**What to produce**: Please repeat only the stretch of records running from the first line through the line that contains "Women’s snow pants size medium".

*** Information shown

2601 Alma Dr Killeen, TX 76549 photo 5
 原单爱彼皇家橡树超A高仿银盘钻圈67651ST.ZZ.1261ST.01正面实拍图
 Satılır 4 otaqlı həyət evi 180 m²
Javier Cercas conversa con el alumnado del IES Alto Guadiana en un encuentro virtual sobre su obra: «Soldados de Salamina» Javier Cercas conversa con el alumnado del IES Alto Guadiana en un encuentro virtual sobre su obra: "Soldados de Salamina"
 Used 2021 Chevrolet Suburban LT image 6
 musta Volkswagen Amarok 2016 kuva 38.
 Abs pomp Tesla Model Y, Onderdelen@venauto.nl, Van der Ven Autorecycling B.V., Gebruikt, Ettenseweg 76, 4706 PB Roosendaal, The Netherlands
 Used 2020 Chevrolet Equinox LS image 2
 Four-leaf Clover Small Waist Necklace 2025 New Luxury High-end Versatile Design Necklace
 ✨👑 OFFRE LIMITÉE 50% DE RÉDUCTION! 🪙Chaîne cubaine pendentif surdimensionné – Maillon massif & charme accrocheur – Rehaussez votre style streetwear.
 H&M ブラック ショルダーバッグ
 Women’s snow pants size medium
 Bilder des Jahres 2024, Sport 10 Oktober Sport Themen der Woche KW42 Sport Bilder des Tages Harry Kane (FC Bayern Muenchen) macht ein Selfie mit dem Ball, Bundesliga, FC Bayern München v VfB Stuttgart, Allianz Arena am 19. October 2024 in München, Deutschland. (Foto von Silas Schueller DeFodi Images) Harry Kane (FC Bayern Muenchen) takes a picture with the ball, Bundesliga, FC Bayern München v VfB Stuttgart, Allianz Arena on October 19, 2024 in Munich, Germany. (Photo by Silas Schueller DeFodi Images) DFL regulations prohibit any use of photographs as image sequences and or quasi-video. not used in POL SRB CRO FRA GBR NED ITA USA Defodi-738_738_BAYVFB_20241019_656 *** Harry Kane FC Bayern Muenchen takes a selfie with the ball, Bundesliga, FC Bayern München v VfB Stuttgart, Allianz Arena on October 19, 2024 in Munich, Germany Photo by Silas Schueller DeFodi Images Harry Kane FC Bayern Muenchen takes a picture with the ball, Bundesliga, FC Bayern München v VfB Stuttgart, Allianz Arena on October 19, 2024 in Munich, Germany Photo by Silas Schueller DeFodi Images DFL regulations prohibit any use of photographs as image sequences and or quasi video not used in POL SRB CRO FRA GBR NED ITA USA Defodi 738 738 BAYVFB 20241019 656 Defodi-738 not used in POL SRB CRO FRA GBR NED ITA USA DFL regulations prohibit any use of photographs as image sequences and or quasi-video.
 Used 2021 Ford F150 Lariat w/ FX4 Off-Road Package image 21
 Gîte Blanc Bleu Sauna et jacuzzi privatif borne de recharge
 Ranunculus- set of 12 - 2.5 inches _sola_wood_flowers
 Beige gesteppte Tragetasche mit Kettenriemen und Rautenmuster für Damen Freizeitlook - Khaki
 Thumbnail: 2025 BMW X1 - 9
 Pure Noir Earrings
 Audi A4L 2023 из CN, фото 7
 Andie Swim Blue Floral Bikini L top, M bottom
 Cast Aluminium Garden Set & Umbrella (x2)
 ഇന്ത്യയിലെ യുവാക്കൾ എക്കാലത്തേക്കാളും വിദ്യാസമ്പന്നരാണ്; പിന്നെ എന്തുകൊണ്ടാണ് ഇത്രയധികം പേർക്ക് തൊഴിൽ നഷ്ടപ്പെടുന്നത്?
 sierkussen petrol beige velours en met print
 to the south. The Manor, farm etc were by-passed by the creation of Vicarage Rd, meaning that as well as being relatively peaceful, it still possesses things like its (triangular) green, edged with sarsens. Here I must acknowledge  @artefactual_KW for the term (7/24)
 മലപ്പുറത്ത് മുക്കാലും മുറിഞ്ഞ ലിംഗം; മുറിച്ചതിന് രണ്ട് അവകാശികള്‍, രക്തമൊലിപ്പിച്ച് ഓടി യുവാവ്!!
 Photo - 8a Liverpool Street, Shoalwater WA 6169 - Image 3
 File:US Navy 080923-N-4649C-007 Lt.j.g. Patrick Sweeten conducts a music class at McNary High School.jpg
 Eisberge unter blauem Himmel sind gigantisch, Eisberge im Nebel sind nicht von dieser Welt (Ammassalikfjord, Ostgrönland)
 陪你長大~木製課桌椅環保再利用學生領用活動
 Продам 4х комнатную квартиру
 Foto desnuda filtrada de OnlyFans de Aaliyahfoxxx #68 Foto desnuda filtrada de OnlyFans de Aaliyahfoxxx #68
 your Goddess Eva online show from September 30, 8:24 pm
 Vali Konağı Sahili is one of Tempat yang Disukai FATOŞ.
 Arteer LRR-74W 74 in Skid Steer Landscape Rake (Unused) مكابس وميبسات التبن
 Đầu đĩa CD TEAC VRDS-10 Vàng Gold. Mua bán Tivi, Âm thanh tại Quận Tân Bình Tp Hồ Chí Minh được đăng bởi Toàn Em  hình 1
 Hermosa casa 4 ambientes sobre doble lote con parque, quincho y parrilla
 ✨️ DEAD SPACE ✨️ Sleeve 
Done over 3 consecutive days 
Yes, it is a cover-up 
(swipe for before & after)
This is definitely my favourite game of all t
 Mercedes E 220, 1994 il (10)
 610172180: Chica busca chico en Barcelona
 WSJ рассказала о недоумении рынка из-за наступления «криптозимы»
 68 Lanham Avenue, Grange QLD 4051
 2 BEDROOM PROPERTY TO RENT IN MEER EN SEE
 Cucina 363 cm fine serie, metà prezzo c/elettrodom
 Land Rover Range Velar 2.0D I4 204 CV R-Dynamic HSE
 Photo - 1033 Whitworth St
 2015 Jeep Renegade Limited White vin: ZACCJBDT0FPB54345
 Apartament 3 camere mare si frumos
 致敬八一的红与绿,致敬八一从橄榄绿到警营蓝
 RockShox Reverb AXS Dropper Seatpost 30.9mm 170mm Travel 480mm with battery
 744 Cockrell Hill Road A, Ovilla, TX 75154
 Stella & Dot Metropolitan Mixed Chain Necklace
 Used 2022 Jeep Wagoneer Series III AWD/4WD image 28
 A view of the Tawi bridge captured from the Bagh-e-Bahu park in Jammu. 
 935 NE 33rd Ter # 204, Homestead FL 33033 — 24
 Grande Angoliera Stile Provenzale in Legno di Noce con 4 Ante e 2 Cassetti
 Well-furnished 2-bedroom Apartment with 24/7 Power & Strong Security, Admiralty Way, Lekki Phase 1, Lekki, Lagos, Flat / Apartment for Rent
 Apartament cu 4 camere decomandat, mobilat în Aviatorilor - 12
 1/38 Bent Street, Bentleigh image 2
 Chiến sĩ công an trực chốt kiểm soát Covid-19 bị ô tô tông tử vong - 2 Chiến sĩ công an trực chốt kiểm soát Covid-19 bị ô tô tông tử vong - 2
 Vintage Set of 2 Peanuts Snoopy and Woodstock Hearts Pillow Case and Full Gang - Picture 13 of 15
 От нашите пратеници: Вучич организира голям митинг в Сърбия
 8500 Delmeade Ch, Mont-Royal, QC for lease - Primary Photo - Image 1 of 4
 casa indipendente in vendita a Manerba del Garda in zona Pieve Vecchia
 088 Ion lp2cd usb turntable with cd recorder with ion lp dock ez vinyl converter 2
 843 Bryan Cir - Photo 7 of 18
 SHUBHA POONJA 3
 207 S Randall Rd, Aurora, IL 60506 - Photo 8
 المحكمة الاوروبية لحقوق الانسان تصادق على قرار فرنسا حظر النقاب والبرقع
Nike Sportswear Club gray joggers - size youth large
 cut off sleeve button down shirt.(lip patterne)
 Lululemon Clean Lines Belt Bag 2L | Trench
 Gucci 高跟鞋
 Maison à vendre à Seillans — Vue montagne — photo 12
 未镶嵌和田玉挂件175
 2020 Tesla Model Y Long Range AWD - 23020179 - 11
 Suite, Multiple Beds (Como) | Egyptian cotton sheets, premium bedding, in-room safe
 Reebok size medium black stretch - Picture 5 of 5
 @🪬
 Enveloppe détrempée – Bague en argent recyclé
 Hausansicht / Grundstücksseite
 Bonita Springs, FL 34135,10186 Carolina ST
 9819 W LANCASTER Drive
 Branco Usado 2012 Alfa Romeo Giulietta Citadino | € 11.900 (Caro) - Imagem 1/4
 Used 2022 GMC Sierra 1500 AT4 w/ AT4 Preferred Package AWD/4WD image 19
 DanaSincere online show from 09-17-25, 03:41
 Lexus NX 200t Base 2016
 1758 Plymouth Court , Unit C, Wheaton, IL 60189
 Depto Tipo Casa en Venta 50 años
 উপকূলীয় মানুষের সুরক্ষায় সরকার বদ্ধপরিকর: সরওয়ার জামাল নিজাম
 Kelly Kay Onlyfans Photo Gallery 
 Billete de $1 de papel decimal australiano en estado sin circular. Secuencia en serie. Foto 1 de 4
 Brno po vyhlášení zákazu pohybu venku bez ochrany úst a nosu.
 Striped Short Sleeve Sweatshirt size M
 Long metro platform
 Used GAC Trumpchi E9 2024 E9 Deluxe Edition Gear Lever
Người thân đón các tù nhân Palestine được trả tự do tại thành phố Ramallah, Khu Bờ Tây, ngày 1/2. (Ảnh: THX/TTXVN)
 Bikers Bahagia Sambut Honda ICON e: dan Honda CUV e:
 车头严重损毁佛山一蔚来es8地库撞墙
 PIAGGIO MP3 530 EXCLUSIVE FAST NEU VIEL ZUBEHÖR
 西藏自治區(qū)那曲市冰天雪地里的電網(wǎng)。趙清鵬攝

******

**Output for this exercise**:
2601 Alma Dr Killeen, TX 76549 photo 5
 原单爱彼皇家橡树超A高仿银盘钻圈67651ST.ZZ.1261ST.01正面实拍图
 Satılır 4 otaqlı həyət evi 180 m²
Javier Cercas conversa con el alumnado del IES Alto Guadiana en un encuentro virtual sobre su obra: «Soldados de Salamina» Javier Cercas conversa con el alumnado del IES Alto Guadiana en un encuentro virtual sobre su obra: "Soldados de Salamina"
 Used 2021 Chevrolet Suburban LT image 6
 musta Volkswagen Amarok 2016 kuva 38.
 Abs pomp Tesla Model Y, Onderdelen@venauto.nl, Van der Ven Autorecycling B.V., Gebruikt, Ettenseweg 76, 4706 PB Roosendaal, The Netherlands
 Used 2020 Chevrolet Equinox LS image 2
 Four-leaf Clover Small Waist Necklace 2025 New Luxury High-end Versatile Design Necklace
 ✨👑 OFFRE LIMITÉE 50% DE RÉDUCTION! 🪙Chaîne cubaine pendentif surdimensionné – Maillon massif & charme accrocheur – Rehaussez votre style streetwear.
 H&M ブラック ショルダーバッグ
 Women’s snow pants size medium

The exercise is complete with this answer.